- New Zealand A / India A
- Dates: 16 November – 11 December 2018
- Captains: Will Young (FC) Corey Anderson (LAs) / Ajinkya Rahane (1st FC) Karun Nair (2nd,3rd FC) Manish Pandey (LAs)

FC series
- Result: 3-match series drawn 0–0
- Most runs: Will Young (189) / Mayank Agarwal (149)
- Most wickets: Doug Bracewell (8) / Krishnappa Gowtham (9)

LA series
- Result: India A won the 3-match series 3–0
- Most runs: George Worker (143) / Vijay Shankar (188)
- Most wickets: Hamish Bennett (5) / Siddarth Kaul (7)
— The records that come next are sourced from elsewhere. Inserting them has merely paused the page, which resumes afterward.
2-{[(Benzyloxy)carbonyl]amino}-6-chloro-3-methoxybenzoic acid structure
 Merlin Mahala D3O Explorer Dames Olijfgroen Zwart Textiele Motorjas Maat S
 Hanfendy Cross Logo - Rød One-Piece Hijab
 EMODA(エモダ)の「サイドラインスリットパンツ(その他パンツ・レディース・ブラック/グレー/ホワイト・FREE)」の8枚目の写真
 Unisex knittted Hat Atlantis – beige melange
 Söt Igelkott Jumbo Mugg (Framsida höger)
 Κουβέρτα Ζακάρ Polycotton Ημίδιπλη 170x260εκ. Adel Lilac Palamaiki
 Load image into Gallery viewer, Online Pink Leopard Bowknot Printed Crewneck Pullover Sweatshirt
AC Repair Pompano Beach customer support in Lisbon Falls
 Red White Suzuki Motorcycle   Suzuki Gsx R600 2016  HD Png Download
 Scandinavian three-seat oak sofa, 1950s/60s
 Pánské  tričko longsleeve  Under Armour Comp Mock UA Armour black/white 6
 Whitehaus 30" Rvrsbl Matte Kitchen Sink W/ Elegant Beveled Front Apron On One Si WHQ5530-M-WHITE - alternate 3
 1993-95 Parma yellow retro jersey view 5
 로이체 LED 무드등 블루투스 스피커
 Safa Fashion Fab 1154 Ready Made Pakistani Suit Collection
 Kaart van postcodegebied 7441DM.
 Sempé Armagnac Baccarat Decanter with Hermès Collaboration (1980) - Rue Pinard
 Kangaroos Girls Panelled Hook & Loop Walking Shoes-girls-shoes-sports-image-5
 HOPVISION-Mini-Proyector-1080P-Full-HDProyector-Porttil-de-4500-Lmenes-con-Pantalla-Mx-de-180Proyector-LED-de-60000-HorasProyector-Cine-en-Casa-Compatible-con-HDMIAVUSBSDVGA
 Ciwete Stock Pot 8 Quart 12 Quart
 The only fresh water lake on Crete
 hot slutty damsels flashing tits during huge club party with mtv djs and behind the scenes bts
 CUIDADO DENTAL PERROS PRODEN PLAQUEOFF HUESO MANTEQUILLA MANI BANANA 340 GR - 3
= Indian A cricket team in New Zealand in 2018–19 =

Cricket tournament

The India A cricket team toured New Zealand in November - December 2018 to play 3 first-class matches and 3 List-A matches against the New Zealand A cricket team. BCCI included Rohit Sharma, Murali Vijay and Ajinkya Rahane for India's first four-dayer match as a preparation for senior team's tour to Australia.

== Squads ==

| First-class |  | List-A |  |
|---|---|---|---|
| NZL New Zealand A | IND India A | NZL New Zealand A | IND India A |
| Will Young (c); George Worker; Tim Seifert (wk); Glenn Phillips (wk); Rachin Ravindra; Dane Cleaver (wk); Doug Bracewell; Kyle Jamieson; Seth Rance; Blair Tickner; Scott Kuggeleijn; Logan van Beek; Theo van Woerkom; Cam Fletcher; Lockie Ferguson; | Ajinkya Rahane (c) (Only 1st FC match); Karun Nair (c) (For 2 & 3 FC matches); Murali Vijay (Only 1st FC match); Ravikumar Samarth; Prithvi Shaw (Only 1st FC match); Rohit Sharma; Mayank Agarwal; Hanuma Vihari (Only 1st FC match); Parthiv Patel (wk) (Only 1st FC match); Krishnappa Gowtham; Shahbaz Nadeem; Mohammed Siraj; Navdeep Saini; Abhimanyu Easwaran; Deepak Chahar; Rajneesh Gurbani; Vijay Shankar; Srikar Bharat (wk); Ankit Bawne; Shubman Gill; Ishan Kishan (wk); | Corey Anderson (c); Will Young; George Worker; Tim Seifert (wk); Rachin Ravindra; James Neesham; Doug Bracewell; Hamish Rutherford; Seth Rance; Hamish Bennett; Cole McConchie; Daryl Mitchell; Lockie Ferguson; | Manish Pandey (c); Mayank Agarwal; Anmolpreet Singh; Shubman Gill; Shreyas Iyer; Ankit Bawne; Hardik Pandya; Ishan Kishan (wk); Axar Patel; Krunal Pandya; Siddarth Kaul; Washington Sundar; Deepak Chahar; Khaleel Ahmed; Navdeep Saini; Vijay Shankar; Krishnappa Gowtham; |

Initially Rohit Sharma was selected for the first four-day match but was later rested because of constant workload. Hardik Pandya was selected for the limited overs series, but due to his slower-than expected recovery from his back injury, he was pulled out of the team and asked to prove his fitness in the Ranji Trophy.